In a '90s-era documentary included in the new box set, Harrison recounts how when he visited Dylan in Woodstock and first encountered the Band, he was knocked out by the blend of their voices and the democratic distribution of performances. When he played their demos to his Beatles bandmates during the Let It Be sessions, they were equally impressed by what they heard.

“Those vocal parts had to be worked out,” Simon says of the rich and gorgeous blend of Helm, Danko and Manuel’s voices on The Band. “I always compare them to a Duke Ellington orchestra, in that they were very special sounding performers and instrumentalists and singers. So their individual and collective qualities would suit each particular song in a certain way. No one could sing the falsetto on the top the way Richard could. But on the other hand, if Rick sang the part on top, it had a different sound, a plaintive sound. And if Levon sang the part on top, it had a real strained but honest sound. So we moved things around and tried different things. But we arrived pretty quickly at who was going to play what part where.”

“I really thought about the singers in this group, everybody, being part of this theatrical force,” adds Robertson. “I would cast whoever was going to sing certain parts.
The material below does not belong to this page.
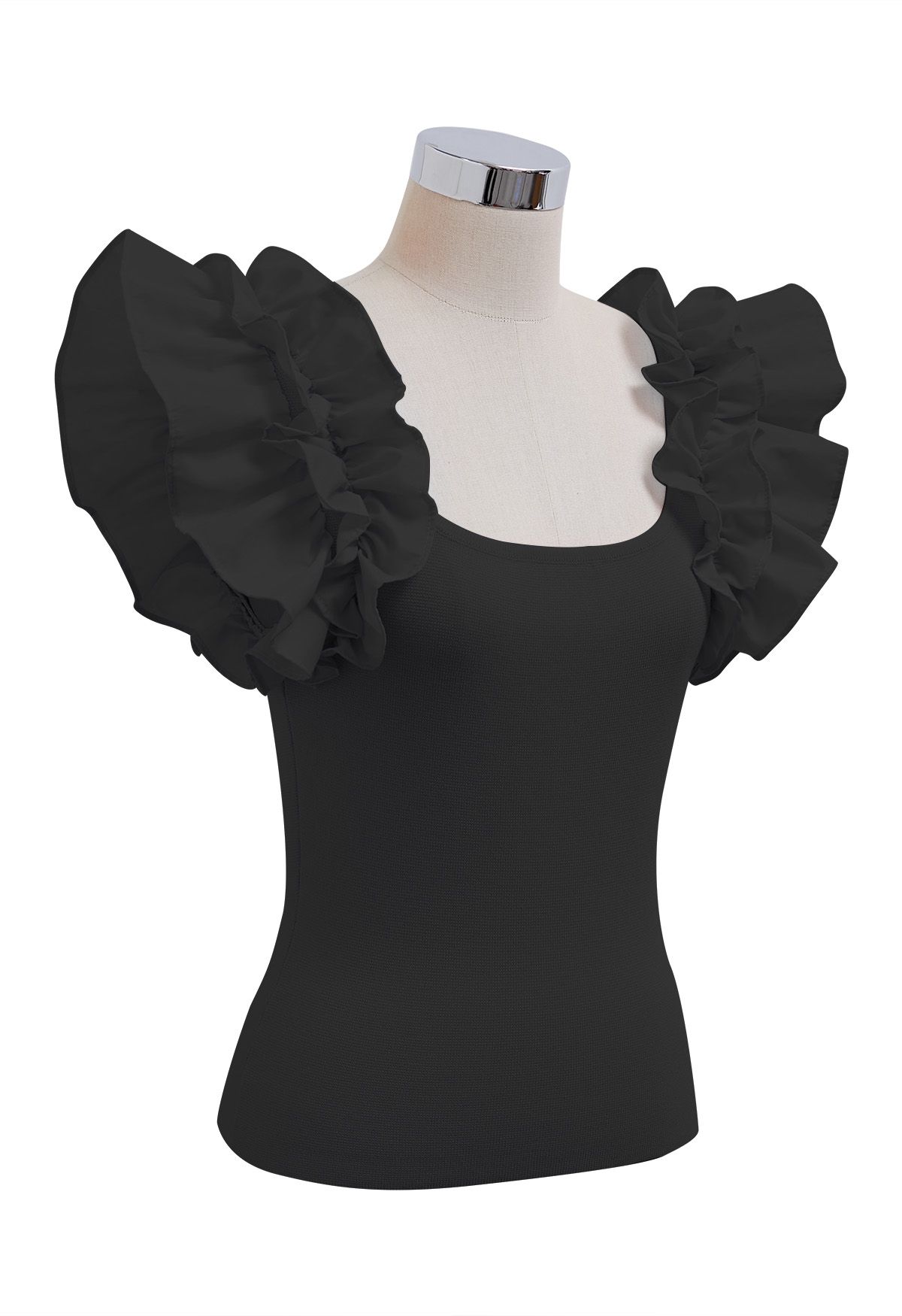 Romantic Ruffle Shoulder Knit Top in Black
I would write songs specifically for Rick to sing. I would write a song that nobody could sing like Levon could sing. And Richard and I sometimes would write things together that everybody knew that Richard had to be the lead signer on.”

The songs, Simon notes, were a cut above those on Big Pink, and certainly those in the Top 40.

“I was aware of the fact that Robbie was writing a thematic bunch of songs, which was very cool,” he says. “’The Night They Drove Old Dixie Down’ was one of the first ones he put together. He labored a lot on that one. But once that tone had been set, then songs like ‘King Harvest’ and ‘Across the Great Divide’ came into play. They had such a self-consciously American quality to them. These were new songs in the old tradition and about the old tradition. Of course, as a musical story, that album in particular spawned the genre that later became known as Americana.”

Robertson sees it in far simpler, more intimate, terms.

“I knew what these guys could do,” he insists. “I knew who their characters were. And I was writing screenplays for these characters. I thought I was Ingmar Bergman. I was writing for Max von Sydow and Liv Ullmann. I thought that was my job. But that’s different than any other group, and it was a different format. Everything was different about the Band.”

Upon its release, The Band was a smash. It eclipsed Music From Big Pink and set the Band on the road to super-stardom. Soon they were on the cover of Time and headlining festivals and arenas around the world.

“It got a good reception, but it was satisfying,” Simon says, emphasizing what a creatively rewarding experience the making of The Band was. “I loved that album. I was just really happy to play it for anybody who wanted to hear it, just as I was for Big Pink. An indication of how successful it was are the number of people now who are Band fans now, of all ages, and especially of that album.”

For his part, Robertson says that listening back to The Band all these years later, as well as working on a new documentary about the Band and his recent solo album Sinematic, which includes an ode to his former bandmates, is satisfying but bittersweet.

“Part of what’s so moving about it is the brotherhood, and that three of the brothers are gone,” he says, wistfully. “Garth is still around – he was the oldest, of course – so I’m really happy that he’s still causing trouble and walking the earth. But for me, there’s a lot that I miss without these guys. So of course it’s tremendously powerful and moving to me. I miss those guys every day.”